Questions answered by multiple linear regression (4)
1) is at least one of the variables Xi useful for predicting the outcome Y
2) which subset of predictors is most important
3) how good is a linear model for the data
4) given a set of predictors, what is the likely value for Y, and how accurate is that estimate
How do we estimate the beta_i s?
minimize RSS, which for multiple linear regression is the HAT vector. Betahat = (X^T*X)^-1 * X^T * y
Which variables are important?
consider the hypothesis that the last q coefficients are 0. RSS0 is the RSS for the model which excludes those variables. the F-statistic under the null hypothesis has an f distribution. The null hypothesis is the intercept.

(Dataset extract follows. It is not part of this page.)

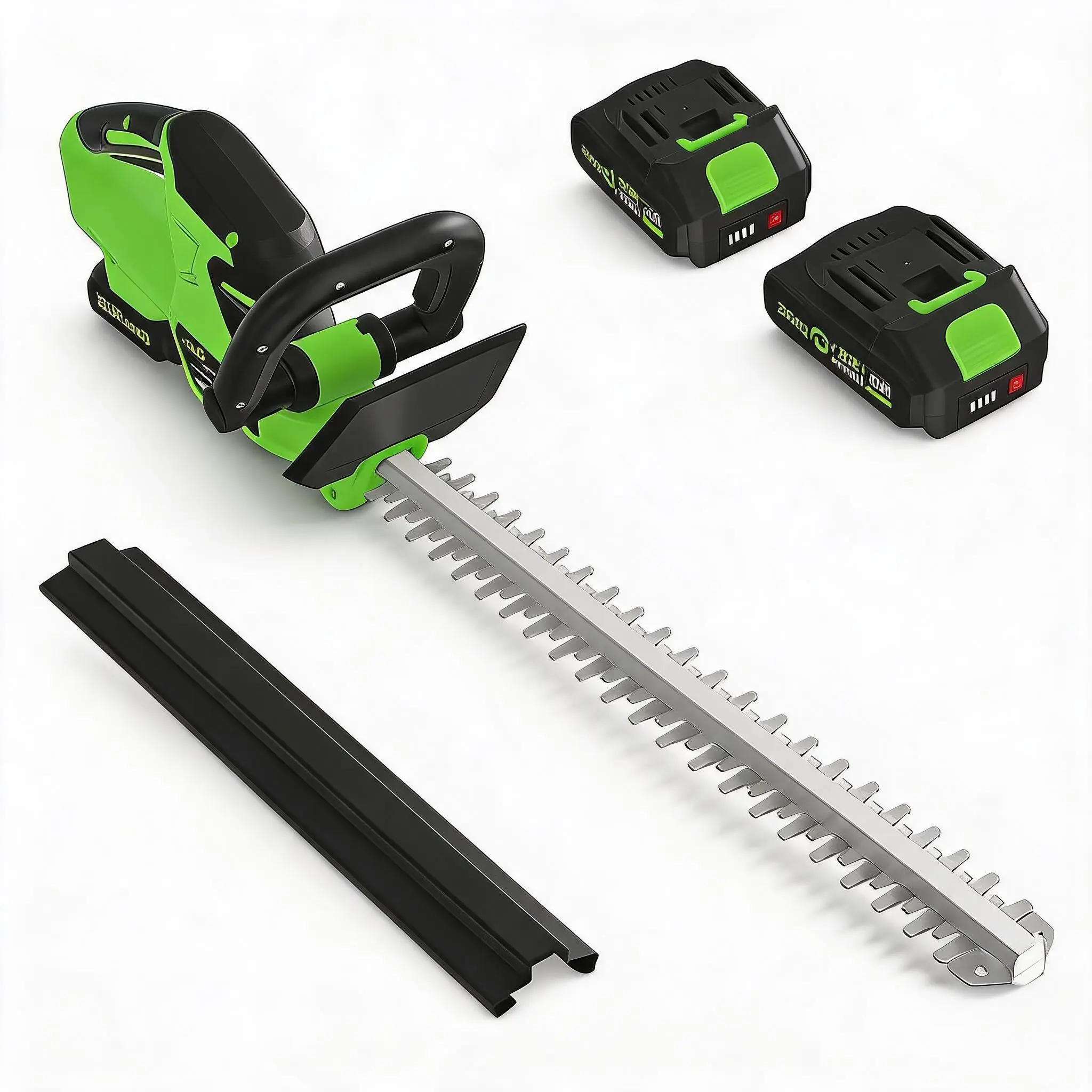 Garvee 20V 22.4-Inch Cordless Hedge Trimmer, Electric Dual Action Blades Bush & Shrub Cutter with 2x2.0Ah Batteries & Charger, 3000RPM 180° Rotating Head, Lightweight Garden Lawn Trimming Tool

WARNING: if number of variables is large, some p values will be arbitrarily low under the null hypothesis.
F statistic (relationship to hypothesis test)
[(RSS0 - RSS)/q]/[RSS/(n-q-1)] also (TSS - RSS)/p // RSS/(n-p-1). the t-statistic associated with i-th predictor is the sqrt of the F-statistic for the null hypothesis which sets only Beta_i = 0. Large f-statistic indicates that at least one of the variables is related to the repsonse. (if H0 is true F ~ 1, if Ha is true, F»_space; 1)

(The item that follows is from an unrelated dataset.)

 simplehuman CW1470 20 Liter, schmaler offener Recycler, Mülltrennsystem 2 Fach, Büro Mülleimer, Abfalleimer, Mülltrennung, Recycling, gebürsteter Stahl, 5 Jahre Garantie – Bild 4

How many variables are important?
there are many choices for subsets of variables (2^p). select a range of models: 1) forward selection: starting from a null model, include variables one at a time (add in smallest remaining P value). minimize RSS after each step 2) backward selection: start from a full model, remove largest p-value 4) mixed selection: null model, add one at a time, minimize RSS at each step, throw out p values over a threshold
tuning
choosing one model in the range produced from a model selection method.
Dealing with categorical or qualitative predictors
for each qualitative predictor: 1) choose a baseline category (e.g., african american) 2) for every other category, define a new predictor (Xasian is 1 if person is asian and 0 otherwise) 3) Beta_Asian is the relative effect for being Asian compared to baseline category.
Does order matter? Choice of baseline?
When tuning, yes order matters.
model fit and predictions in qualitative predictors is independent of the choice of baseline. However, hypothesis tests derived from these variables are dependent on choice (the effect of being one ethnicity compared to baseline). Solution: to check if ethnicity is important, use an F-test for the hypothesis Beta_Asian = 0 (independent of coding).
How good are the predictors?
“confidence intervals” reflect the uncertainty on beta. “prediction” intervals reflect the uncertainty on beta and the irreducible error epsilon.